17 April 2025
Introduction
This case study looks at how an AI-powered health app, Babylon Health’s GP at Hand, affected access to primary care services in the UK. The case shows how digital healthcare tools, if not carefully designed and regulated, can increase health inequalities — especially for people with complex health needs.
Background
Babylon Health developed a smartphone app called GP at Hand that allowed people to register with an NHS GP using their phone. The app offered 24/7 access to online consultations, triage services and health advice through an AI chatbot and video calls with doctors. It was designed to make GP services faster and more convenient — especially for people who were technology oriented, busy, or had trouble getting appointments in traditional GP practices.
GP at Hand was part of the NHS, but it worked differently from most GP surgeries. Patients registered directly with the Babylon app, which then became their NHS GP provider. The service was widely promoted and attracted a large number of users, mostly younger, healthier people.
Photo by T. Schneider / Shutterstock
Biases and harms
At launch initially, GP at Hand did not accept patients with complex or ongoing health conditions, such as:
- Multiple chronic illnesses
- Learning disabilities
- Mental health problems
- Pregnancy-related care needs
This meant that many people who needed more support were excluded from using the app. Babylon’s approach of “cherry-picking” — selecting only younger, healthier, and easier-to-care-for patients — had knock-on effects for traditional GP practices. In the NHS, GP funding is partly based on the number of patients registered with a practice. When large numbers of low-need patients transferred to GP at Hand, traditional practices lost both funding and the patients who typically require less time and fewer resources. This left them with a higher concentration of complex cases, without a proportionate increase in resources. As a result, workload and clinical risk increased for GPs in these settings, putting further pressure on staff and making it harder to provide timely, high-quality care for the most vulnerable patients.
Analysis and contributing factors
Babylon health’s decision to limit access for patients with complex health needs was likely based on several practical and commercial factors:
- The service was designed for digital-first care, which works better for people with fewer health problems.
- Complex care often needs longer, in-person appointments and continuity with the same doctor — which the app model did not easily provide.
- Excluding high-need patients reduced clinical and financial risk for the provider.
However, this decision ignored the NHS’s commitment to equitable care. NHS services are supposed to be universal and based on need — not on how easy or cheap a patient is to treat. Furthermore, from an NHS system perspective, this approach had negative unintended consequences. It left traditional practices with a higher proportion of complex patients, increasing pressure on already stretched services, and exacerbating existing health inequalities. Regulators later forced Babylon to change its policies to accept more complex patients, but the early rollout shows how caution needs to be applied to private-sector tech companies innovating and disrupting in the NHS.
Photo by Ianni Dimitrov / Alamy
Mitigation and recommendations
This case highlights the need for strong NHS oversight and clear rules when private or AI-powered companies deliver NHS services. Recommendations include:
- Conduct equity impact assessments before deployment: New AI or digital tools should be assessed for how they might impact different patient groups, especially those with complex needs, disabilities, or limited digital access. These assessments should consider not only intended benefits but also unintended consequences.

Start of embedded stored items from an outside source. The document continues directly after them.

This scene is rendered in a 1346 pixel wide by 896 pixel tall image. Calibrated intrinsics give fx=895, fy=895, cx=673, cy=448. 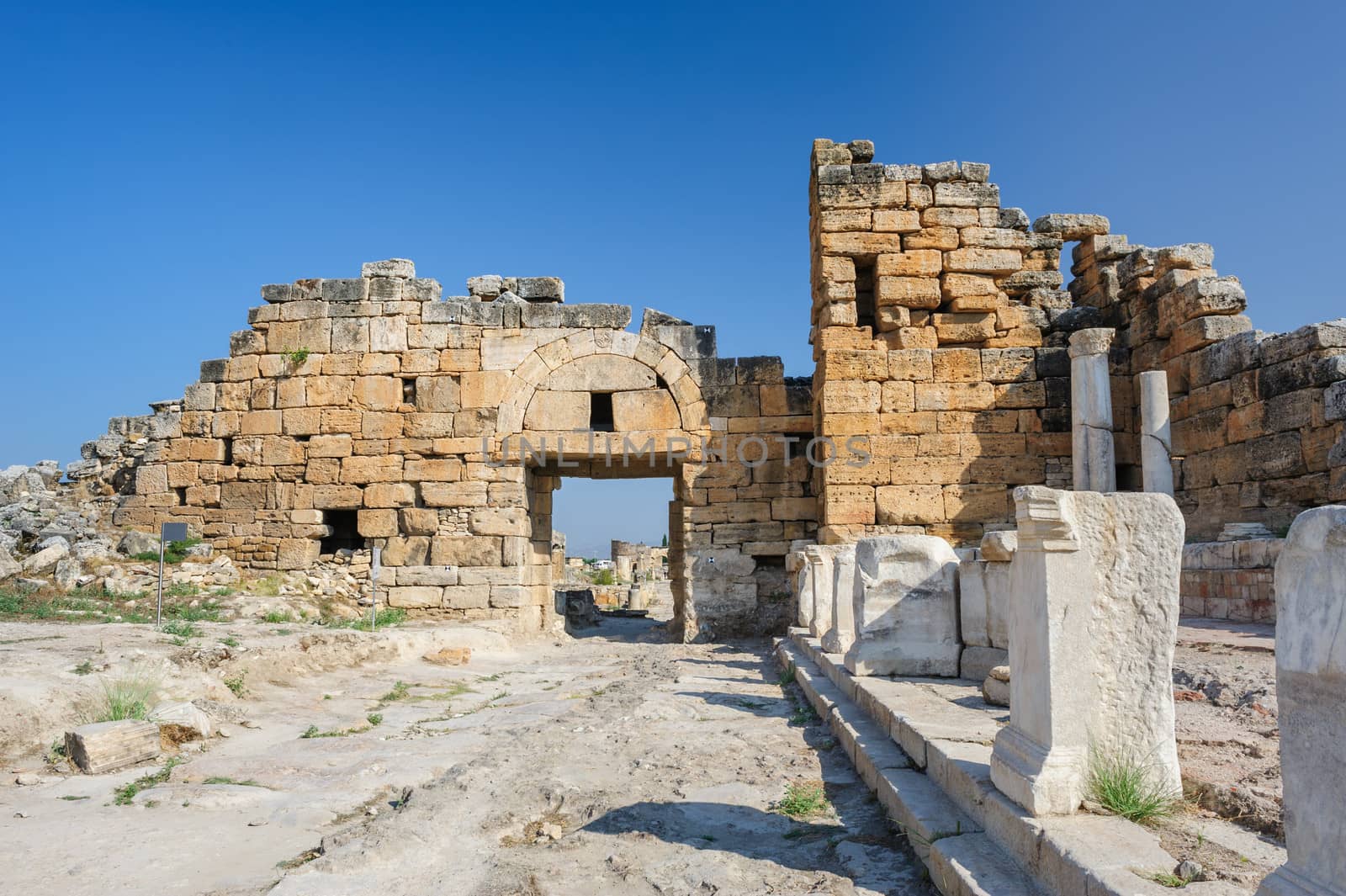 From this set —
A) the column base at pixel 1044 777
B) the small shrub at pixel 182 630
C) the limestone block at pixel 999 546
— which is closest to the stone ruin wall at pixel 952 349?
the limestone block at pixel 999 546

- Increase transparency and accountability: Patients should be clearly informed about how services work, who they include or exclude, how decisions are made and how patients can give feedback or complain. Regulators should publish equity audits and track access by demographic group.
- Meaningful public and patient engagement: People from diverse backgrounds, including those with lived experience of exclusion or disadvantage, should be involved from the start — in designing, testing, and evaluating services. This helps ensure the service meets the needs of all NHS patients, not just the digitally literate or healthy.
- Better integration of digital-first services with traditional NHS systems, to avoid two-tier care or extra burden on non-digital practices.
Glossary of Terms
Cherry-picking
The practice of selecting only low-risk, low-cost patients to serve — often used critically to describe how providers may avoid caring for those with complex or costly health needs.
Complex health needs
A term used to describe individuals requiring more intensive, ongoing, or specialised care — such as those with long-term conditions, disabilities, or mental health difficulties.
Equity impact assessment
A formal evaluation of how a policy, service or technology might affect different groups, particularly those at risk of exclusion or disadvantage.
Two-tier care
A situation where different groups of patients receive different standards or models of care — often with more advantaged groups accessing faster, easier, or higher-quality services.